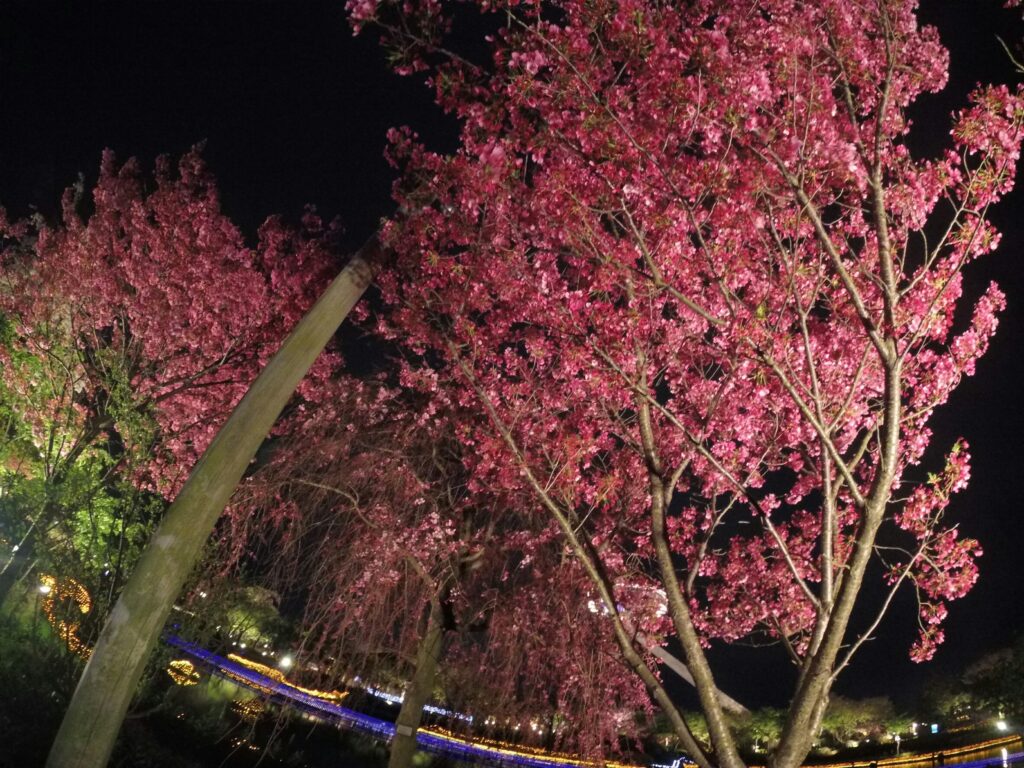 カスタム旅行イメージ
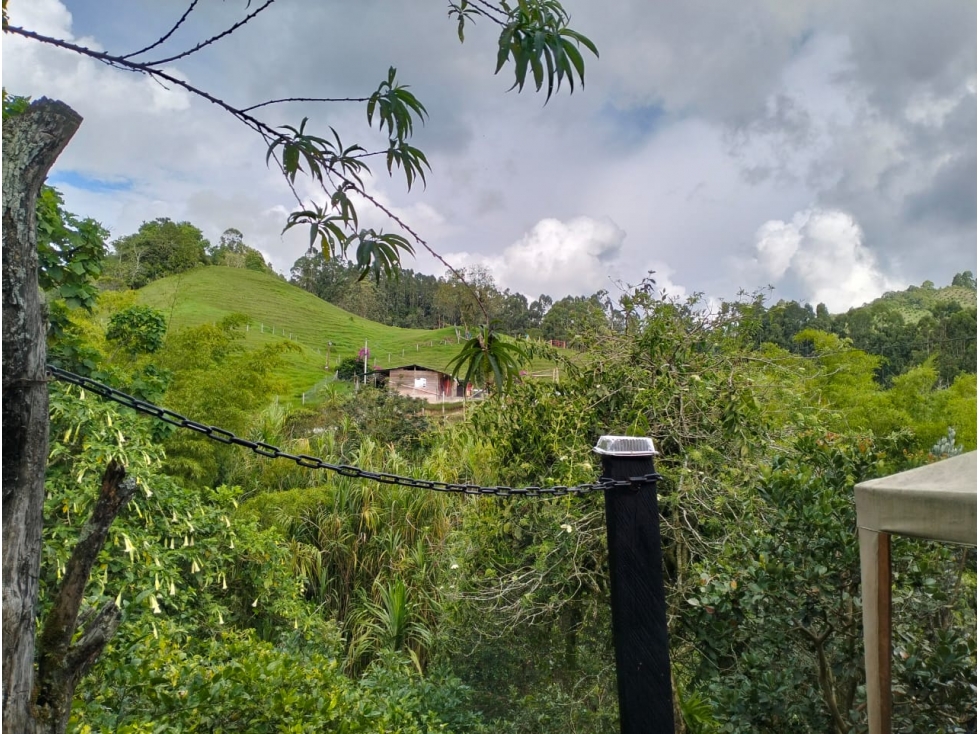 VENTA CASA EN SALENTO QUINDIO - 3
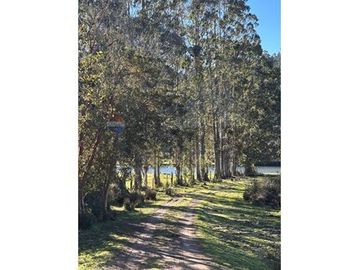 Terreno en Valdivia: Naturaleza y Comodidad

→ **EXERCISE DESCRIPTION**
Skip the pictures and copy exactly the lines from the one containing "VENTA CASA EN SALENTO QUINDIO - 3" through the end of the material, both ends included.

→ **TASK RESULT**
 VENTA CASA EN SALENTO QUINDIO - 3
 Terreno en Valdivia: Naturaleza y Comodidad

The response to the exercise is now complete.